In the meantime, at the end of July 2020, Paris-Charles de Gaulle, Paris-Orly and Paris-Le Bourget renewed their level 3 accreditation (Optimisation) as part of the ACA (Airport Carbon Accreditation) certification programme, promoted by ACI (Airports Council International): THE benchmark for the airport industry.

Managing impacts and commitments 

Groupe ADP’s environmental policy encompasses 6 key topics: air and emissions, energy, water, biodiversity, sustainable construction and development, and waste. For each of these areas, significant progress has been made to date at the Group’s airports. 

Air and emissions
33% of our fleet of light vehicles are already electric or hybrid at Paris-Orly and Paris-CDG.
100% renewable electricity in Santiago and Paris (geothermal, biomass, solar...). 28.4% gain in energy efficiency since 2015 at Paris airports.
Hyderabad awarded ‘Green Airports Recognition’ in 2019 and 2020 for its exemplary management. Rainwater recovery system deployed in Mauritius and filtering marshes at Paris-Orly.
No phytosanitary products used at Paris-Orly or Liège. 800 plant and animal species identified and protected at Paris airports since 2015. Reforestation programme at airports in Delhi, Santiago and Madagascar.
Sustainable construction and development
Delhi Terminal 3 classified LEED Gold in the ‘new construction’ category.
More than two-thirds of non-hazardous waste recovered at Paris airports. Agro-fuels produced from cooking oils used by company restaurants at Paris-Orly.

And what does tomorrow hold? Hydrogen and SAF: two ways to decarbonise air transport

The decarbonisation of European aviation (achieving ‘net zero’) is possible as part of a pathway that involves, in particular, sustainable aviation fuels (SAF) and hydrogen aircraft, with the support of public authorities.
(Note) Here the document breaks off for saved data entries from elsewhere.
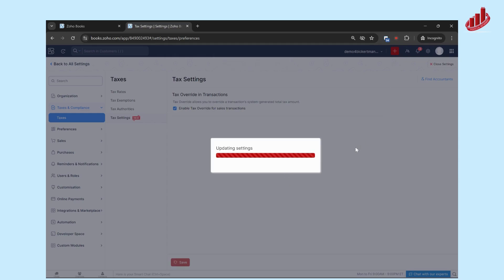Once that gets loaded, now your tax settings are all configured and ready to go, ready to be put into all of your transactions as needed.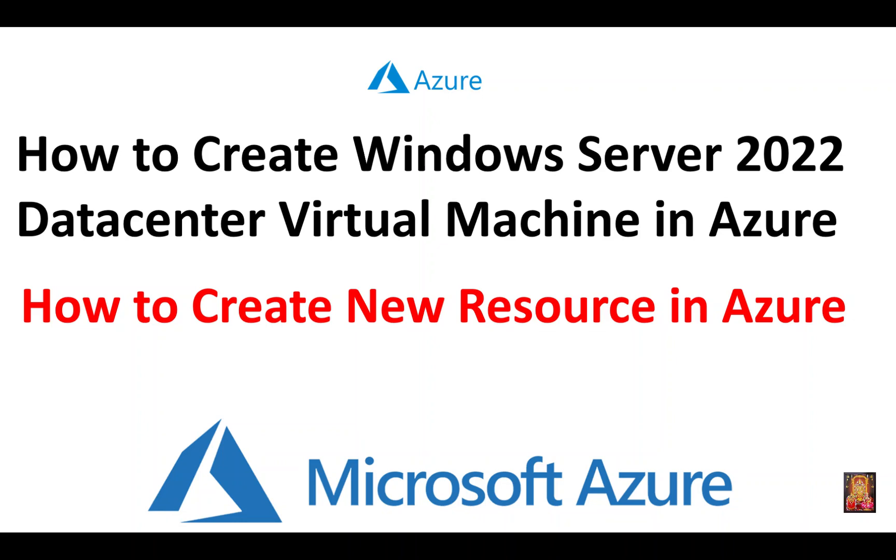Hello everyone, welcome to my YouTube channel Rohit Tech. Today in this video I am going to show you how to create Windows Server 2022 Data Center Virtual Machine in Azure and how to create new resource in Microsoft Azure.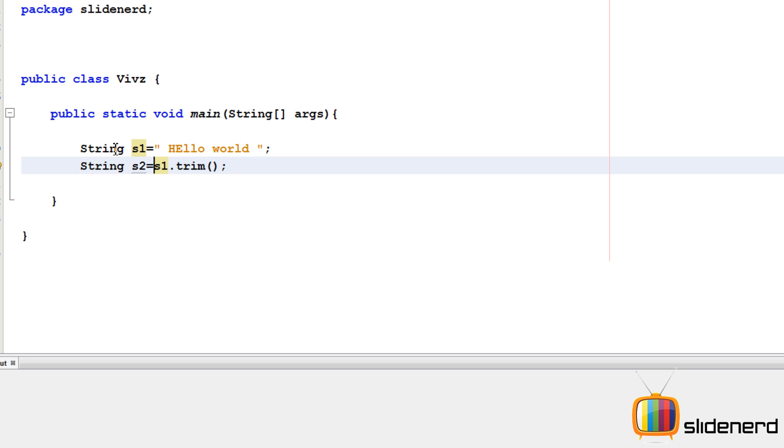Remember, whenever you change something in the string, it always creates a new object. That's the rule by how Java works.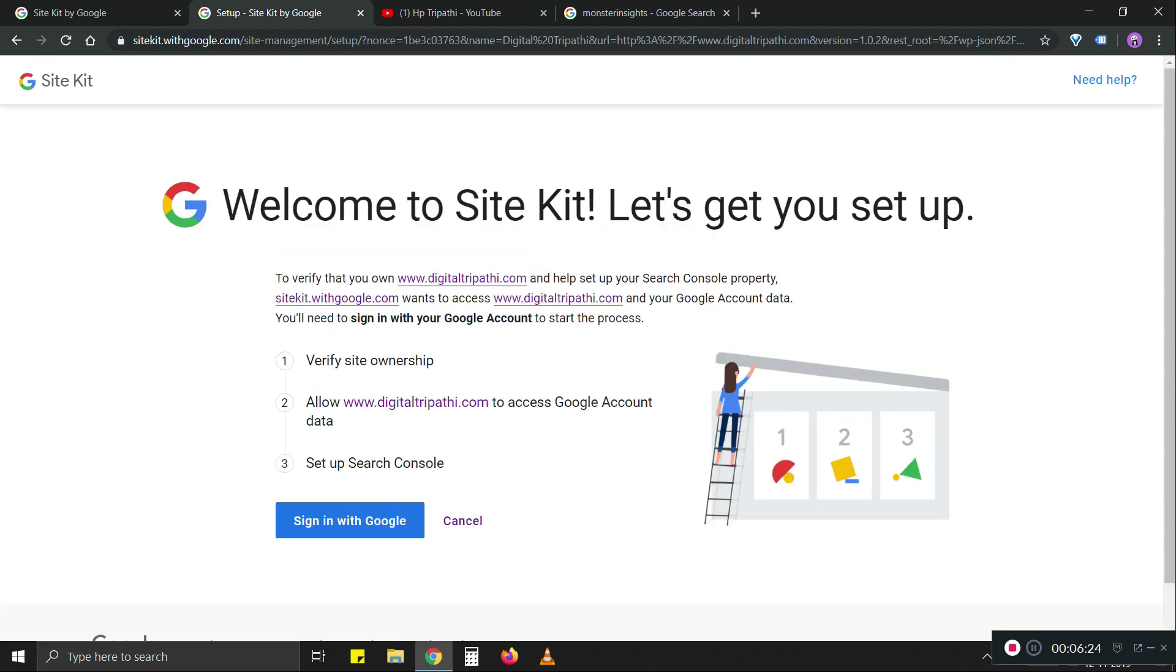In this step, it's helpful if you're already logged in to your Gmail account on which you have access to, let's say, Webmaster or Analytics. So it's easier to set up and it'll be faster. So let's sign in.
In fact, Groupe ADP has committed to exploring every possible avenue (electricity, biofuel, etc.) and to encourage breakthrough innovations, such as those related to hydrogen.

Indeed, the recovery plan for the French aviation sector and the announcement from Airbus of a hydrogen aircraft by 2035 have led Groupe ADP to initiate, as of now, a genuinely in-depth reflection and to select eleven winning projects following an unprecedented international call for expressions of interest known as ‘H2 Hub Airport’.

The idea is to envisage the necessary adaptations to airport infrastructure in order to meet the challenges around production, storage, distribution and liquefaction for refuelling aircraft with liquid hydrogen, but also to develop an entire virtuous ecosystem around new practices permitted by green hydrogen, in particular to decarbonise ground operations (ground equipment, ground handling operations, etc.). “Hydrogen is a real ‘game changer’ for moving towards CO2 net zero aviation by 2050 on a European scale”, explains Amélie Lummaux, who is planning the first trials using hydrogen on the ground at Paris airports from 2023.  

Groupe ADP is also working to promote the development of electric propulsion systems and use of sustainable aviation fuels, known as SAF. As for the latter, producing SAF from biomass, when it meets strict sustainability criteria, recovering residue and waste, as well as manufacturing synthetic kerosene, such as e-fuel (a mixture of CO2 captured from the tops of factory chimneys produced by hydrogen), are all avenues to be explored.

A first Air France long-haul flight from Paris-Charles de Gaulle carrying a significant portion of SAF (produced from recycled cooking oil) took place before the summer of 2021. “On SAFs, we’re stakeholders in 6 sustainable alternative fuel development projects in France”, stresses Amélie Lummaux. “The goal is to develop – by 2025 at the latest – sustainable fuel production in France capable of serving Paris airports” .

Ultimately, these major energy sources should prove to be complementary: short-haul flights and training aircraft at flying clubs would look to electricity, hydrogen for medium-haul flights, while SAFs would best serve long-haul operations. In fact, the airports of tomorrow will need to adapt to an entirely reinvented energy mix.

We’re preparing for the airport to become a place for distributing a wide variety of low-carbon energies, and hydrogen in particular; not only for aircraft, but also for all ground vehicles, and all vehicles that access the airport.